Europe has been behind him, so far, but further cooperation with countries like Germany and the United Kingdom will be essential if economic sanctions can work in the Ukraine crisis. A soft economy and dependence on energy resources from Russia will make it all the more difficult for Obama to convince European leaders to do more.
“The economy of the United States is vastly greater. We’re not very exposed to Russia. Europe’s economies are much more exposed, and that’s why the Europeans have chosen thus far not to go after the oligarchs, not to go after a Russian bank,” said Ian Bremmer, the president of the Eurasia Group, on CNN’s “Fareed Zakaria GPS.”
“The European response has been a little softer than the American response. Believe me, Putin is very aware of that,” he said.

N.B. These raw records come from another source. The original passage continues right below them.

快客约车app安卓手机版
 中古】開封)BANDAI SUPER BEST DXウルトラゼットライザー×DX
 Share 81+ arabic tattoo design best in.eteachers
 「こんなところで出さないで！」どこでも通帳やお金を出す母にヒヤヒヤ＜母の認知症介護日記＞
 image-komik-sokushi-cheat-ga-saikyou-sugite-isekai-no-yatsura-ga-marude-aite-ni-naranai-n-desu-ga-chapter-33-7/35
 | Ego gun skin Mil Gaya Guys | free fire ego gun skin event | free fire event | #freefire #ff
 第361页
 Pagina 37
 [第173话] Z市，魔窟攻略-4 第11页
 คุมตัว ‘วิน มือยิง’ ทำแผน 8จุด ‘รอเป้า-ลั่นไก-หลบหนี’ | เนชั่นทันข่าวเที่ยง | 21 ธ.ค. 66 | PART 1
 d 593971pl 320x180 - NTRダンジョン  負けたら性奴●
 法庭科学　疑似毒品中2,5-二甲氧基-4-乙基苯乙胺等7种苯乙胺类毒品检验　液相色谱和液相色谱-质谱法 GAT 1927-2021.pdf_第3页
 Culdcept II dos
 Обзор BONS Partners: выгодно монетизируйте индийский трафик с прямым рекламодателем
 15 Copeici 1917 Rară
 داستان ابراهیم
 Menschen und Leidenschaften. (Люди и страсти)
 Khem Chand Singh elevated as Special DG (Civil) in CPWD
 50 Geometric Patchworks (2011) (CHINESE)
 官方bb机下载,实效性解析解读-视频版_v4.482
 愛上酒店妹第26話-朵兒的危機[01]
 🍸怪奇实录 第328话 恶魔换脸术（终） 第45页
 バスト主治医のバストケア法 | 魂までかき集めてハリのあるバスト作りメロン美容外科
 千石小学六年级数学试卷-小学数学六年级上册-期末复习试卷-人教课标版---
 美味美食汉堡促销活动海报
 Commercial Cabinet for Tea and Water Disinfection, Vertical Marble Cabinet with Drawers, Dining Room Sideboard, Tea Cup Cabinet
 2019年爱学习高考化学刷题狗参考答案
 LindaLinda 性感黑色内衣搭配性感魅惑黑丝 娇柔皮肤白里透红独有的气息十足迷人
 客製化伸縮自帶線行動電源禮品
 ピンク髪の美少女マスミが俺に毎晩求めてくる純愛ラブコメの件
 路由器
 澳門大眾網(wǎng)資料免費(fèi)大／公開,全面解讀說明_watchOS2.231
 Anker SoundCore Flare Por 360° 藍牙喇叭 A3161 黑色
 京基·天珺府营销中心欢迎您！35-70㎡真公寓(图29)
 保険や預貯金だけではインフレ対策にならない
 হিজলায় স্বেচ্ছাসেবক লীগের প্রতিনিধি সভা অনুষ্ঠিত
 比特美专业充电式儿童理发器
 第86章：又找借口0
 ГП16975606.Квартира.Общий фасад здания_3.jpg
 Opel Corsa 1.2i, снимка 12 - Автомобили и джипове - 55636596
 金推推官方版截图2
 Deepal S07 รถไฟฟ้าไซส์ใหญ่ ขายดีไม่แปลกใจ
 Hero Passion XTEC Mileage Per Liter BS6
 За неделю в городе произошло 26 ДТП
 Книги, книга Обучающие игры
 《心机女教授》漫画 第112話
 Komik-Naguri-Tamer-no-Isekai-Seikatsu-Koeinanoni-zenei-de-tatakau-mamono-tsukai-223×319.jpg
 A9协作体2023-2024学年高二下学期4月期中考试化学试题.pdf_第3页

A quickly arranged meeting of G7 nations on Monday will give Obama an opportunity to gauge the willingness of his European counterparts for further action against Russia, as will a summit with European Union leaders later in the week in Brussels, Belgium. The White House hopes a unified stance can prevent Russian troops from moving deeper into Ukraine.
“What will be clear for the entire world to see is that Russia is increasingly isolated and that the United States is leading the international community in supporting the government of Ukraine and the people of Ukraine, and in imposing costs on Russia for its aggression against Ukraine,” Rice said.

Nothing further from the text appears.